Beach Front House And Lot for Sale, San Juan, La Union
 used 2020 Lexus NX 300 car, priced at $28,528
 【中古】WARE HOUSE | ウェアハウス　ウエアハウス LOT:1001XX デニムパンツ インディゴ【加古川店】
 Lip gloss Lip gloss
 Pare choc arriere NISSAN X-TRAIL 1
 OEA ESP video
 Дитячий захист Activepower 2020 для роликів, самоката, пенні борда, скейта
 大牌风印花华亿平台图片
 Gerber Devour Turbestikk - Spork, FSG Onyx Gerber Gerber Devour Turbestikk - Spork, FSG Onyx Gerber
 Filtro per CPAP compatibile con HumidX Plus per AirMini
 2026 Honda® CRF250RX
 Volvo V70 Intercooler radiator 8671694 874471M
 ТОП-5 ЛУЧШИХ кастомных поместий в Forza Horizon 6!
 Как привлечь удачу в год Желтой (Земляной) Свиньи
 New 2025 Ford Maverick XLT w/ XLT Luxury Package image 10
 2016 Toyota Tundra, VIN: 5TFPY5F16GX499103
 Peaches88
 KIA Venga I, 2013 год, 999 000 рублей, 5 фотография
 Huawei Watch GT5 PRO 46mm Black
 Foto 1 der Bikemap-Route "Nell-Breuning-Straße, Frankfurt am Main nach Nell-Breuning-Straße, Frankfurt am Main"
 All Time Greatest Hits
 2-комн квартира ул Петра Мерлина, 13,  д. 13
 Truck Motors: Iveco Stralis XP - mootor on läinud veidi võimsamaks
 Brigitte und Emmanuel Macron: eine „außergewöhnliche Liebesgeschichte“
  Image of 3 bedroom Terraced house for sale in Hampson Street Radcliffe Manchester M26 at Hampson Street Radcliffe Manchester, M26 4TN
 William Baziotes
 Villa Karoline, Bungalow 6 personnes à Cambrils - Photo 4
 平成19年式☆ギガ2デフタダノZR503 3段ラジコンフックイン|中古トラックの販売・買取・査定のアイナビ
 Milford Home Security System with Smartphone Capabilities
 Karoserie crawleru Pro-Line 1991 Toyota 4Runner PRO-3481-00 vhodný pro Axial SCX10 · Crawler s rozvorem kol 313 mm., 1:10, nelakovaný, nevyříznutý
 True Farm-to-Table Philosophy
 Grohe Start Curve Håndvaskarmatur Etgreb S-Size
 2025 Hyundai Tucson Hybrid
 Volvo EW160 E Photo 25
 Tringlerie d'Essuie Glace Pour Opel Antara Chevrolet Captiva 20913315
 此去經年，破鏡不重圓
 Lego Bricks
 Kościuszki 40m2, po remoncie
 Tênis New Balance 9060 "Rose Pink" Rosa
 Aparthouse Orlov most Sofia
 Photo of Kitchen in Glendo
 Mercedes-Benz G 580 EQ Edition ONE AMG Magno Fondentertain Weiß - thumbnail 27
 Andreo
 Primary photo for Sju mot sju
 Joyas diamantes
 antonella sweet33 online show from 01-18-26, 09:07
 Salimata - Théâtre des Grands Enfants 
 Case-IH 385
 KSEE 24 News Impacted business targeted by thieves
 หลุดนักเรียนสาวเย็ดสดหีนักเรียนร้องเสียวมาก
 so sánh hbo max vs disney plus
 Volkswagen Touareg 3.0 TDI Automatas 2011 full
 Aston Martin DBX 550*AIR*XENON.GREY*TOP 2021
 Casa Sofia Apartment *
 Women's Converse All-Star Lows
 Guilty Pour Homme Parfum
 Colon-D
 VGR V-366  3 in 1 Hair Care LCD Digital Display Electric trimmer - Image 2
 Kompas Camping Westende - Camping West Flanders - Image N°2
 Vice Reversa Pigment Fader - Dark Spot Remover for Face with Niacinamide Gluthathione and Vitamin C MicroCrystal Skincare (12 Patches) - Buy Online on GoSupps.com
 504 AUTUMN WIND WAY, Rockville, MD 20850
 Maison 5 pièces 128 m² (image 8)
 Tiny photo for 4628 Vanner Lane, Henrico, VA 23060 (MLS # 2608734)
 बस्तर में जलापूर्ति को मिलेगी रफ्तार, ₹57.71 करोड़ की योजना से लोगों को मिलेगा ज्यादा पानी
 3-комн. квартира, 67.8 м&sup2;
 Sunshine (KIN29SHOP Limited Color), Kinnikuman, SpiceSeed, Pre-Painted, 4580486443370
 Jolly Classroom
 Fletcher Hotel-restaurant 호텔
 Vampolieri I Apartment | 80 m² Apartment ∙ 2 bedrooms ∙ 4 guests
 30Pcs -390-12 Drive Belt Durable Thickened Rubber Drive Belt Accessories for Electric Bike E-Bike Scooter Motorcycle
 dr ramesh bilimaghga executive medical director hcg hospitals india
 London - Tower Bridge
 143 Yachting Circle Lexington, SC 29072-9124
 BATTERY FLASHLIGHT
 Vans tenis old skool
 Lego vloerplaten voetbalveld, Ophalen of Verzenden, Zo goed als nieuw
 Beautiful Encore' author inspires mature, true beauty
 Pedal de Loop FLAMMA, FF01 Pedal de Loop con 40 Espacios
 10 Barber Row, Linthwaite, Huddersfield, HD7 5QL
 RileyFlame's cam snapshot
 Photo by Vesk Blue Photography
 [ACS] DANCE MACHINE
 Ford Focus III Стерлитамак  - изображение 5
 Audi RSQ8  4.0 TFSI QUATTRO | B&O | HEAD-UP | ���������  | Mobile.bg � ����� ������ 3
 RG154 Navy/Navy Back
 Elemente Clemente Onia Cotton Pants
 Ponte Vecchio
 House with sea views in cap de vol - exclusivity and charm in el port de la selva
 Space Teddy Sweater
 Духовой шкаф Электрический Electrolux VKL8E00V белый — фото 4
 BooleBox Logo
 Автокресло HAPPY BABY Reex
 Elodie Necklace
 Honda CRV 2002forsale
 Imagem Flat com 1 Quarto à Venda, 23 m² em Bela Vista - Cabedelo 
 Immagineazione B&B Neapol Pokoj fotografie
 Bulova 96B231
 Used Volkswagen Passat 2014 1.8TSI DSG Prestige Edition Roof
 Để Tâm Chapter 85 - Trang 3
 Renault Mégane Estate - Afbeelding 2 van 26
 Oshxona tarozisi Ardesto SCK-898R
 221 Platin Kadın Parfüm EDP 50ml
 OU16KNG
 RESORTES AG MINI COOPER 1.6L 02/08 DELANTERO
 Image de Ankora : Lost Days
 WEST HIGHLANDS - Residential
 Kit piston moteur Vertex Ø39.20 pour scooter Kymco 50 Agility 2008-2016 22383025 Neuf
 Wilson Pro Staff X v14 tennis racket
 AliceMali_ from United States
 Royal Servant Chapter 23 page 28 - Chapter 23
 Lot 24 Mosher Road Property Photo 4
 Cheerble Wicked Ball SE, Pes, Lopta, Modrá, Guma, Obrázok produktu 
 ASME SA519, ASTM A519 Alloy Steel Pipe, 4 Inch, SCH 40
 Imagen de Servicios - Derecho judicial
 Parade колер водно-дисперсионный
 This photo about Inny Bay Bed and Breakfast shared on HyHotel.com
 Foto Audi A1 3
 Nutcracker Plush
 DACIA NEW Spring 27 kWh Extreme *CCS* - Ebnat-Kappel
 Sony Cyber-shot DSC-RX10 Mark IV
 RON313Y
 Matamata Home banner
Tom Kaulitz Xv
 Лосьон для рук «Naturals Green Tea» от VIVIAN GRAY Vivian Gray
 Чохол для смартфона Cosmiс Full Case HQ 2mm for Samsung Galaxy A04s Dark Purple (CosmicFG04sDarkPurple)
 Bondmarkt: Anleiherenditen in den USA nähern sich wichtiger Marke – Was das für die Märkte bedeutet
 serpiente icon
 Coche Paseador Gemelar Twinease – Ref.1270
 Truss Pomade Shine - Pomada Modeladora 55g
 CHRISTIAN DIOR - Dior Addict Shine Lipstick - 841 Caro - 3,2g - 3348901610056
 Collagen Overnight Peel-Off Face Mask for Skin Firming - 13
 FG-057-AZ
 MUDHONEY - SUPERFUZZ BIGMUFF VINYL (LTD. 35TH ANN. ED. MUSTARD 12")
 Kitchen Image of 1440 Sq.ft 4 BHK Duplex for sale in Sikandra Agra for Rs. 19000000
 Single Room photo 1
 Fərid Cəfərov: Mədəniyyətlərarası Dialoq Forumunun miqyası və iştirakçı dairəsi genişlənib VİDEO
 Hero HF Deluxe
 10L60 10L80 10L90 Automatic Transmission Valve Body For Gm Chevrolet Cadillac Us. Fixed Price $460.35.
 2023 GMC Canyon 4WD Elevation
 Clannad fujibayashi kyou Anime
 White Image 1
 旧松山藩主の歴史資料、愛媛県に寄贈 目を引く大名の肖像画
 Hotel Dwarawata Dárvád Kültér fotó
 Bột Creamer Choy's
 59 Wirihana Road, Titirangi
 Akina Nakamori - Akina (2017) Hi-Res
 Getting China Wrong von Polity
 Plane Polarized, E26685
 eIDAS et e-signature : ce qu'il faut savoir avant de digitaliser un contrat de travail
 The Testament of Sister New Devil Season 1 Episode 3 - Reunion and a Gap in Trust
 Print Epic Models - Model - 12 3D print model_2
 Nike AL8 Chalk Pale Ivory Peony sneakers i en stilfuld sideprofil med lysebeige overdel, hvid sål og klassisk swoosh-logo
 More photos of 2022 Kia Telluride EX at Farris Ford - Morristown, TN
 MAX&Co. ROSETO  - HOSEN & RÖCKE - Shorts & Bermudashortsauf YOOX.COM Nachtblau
══════
* _Problem requirements_
All lines from the one with "Чохол для смартфона" through the end of the data must be repeated exactly, and nothing else may be repeated.

* _Exercise result_
 Чохол для смартфона Cosmiс Full Case HQ 2mm for Samsung Galaxy A04s Dark Purple (CosmicFG04sDarkPurple)
 Bondmarkt: Anleiherenditen in den USA nähern sich wichtiger Marke – Was das für die Märkte bedeutet
 serpiente icon
 Coche Paseador Gemelar Twinease – Ref.1270
 Truss Pomade Shine - Pomada Modeladora 55g
 CHRISTIAN DIOR - Dior Addict Shine Lipstick - 841 Caro - 3,2g - 3348901610056
 Collagen Overnight Peel-Off Face Mask for Skin Firming - 13
 FG-057-AZ
 MUDHONEY - SUPERFUZZ BIGMUFF VINYL (LTD. 35TH ANN. ED. MUSTARD 12")
 Kitchen Image of 1440 Sq.ft 4 BHK Duplex for sale in Sikandra Agra for Rs. 19000000
 Single Room photo 1
 Fərid Cəfərov: Mədəniyyətlərarası Dialoq Forumunun miqyası və iştirakçı dairəsi genişlənib VİDEO
 Hero HF Deluxe
 10L60 10L80 10L90 Automatic Transmission Valve Body For Gm Chevrolet Cadillac Us. Fixed Price $460.35.
 2023 GMC Canyon 4WD Elevation
 Clannad fujibayashi kyou Anime
 White Image 1
 旧松山藩主の歴史資料、愛媛県に寄贈 目を引く大名の肖像画
 Hotel Dwarawata Dárvád Kültér fotó
 Bột Creamer Choy's
 59 Wirihana Road, Titirangi
 Akina Nakamori - Akina (2017) Hi-Res
 Getting China Wrong von Polity
 Plane Polarized, E26685
 eIDAS et e-signature : ce qu'il faut savoir avant de digitaliser un contrat de travail
 The Testament of Sister New Devil Season 1 Episode 3 - Reunion and a Gap in Trust
 Print Epic Models - Model - 12 3D print model_2
 Nike AL8 Chalk Pale Ivory Peony sneakers i en stilfuld sideprofil med lysebeige overdel, hvid sål og klassisk swoosh-logo
 More photos of 2022 Kia Telluride EX at Farris Ford - Morristown, TN
 MAX&Co. ROSETO  - HOSEN & RÖCKE - Shorts & Bermudashortsauf YOOX.COM Nachtblau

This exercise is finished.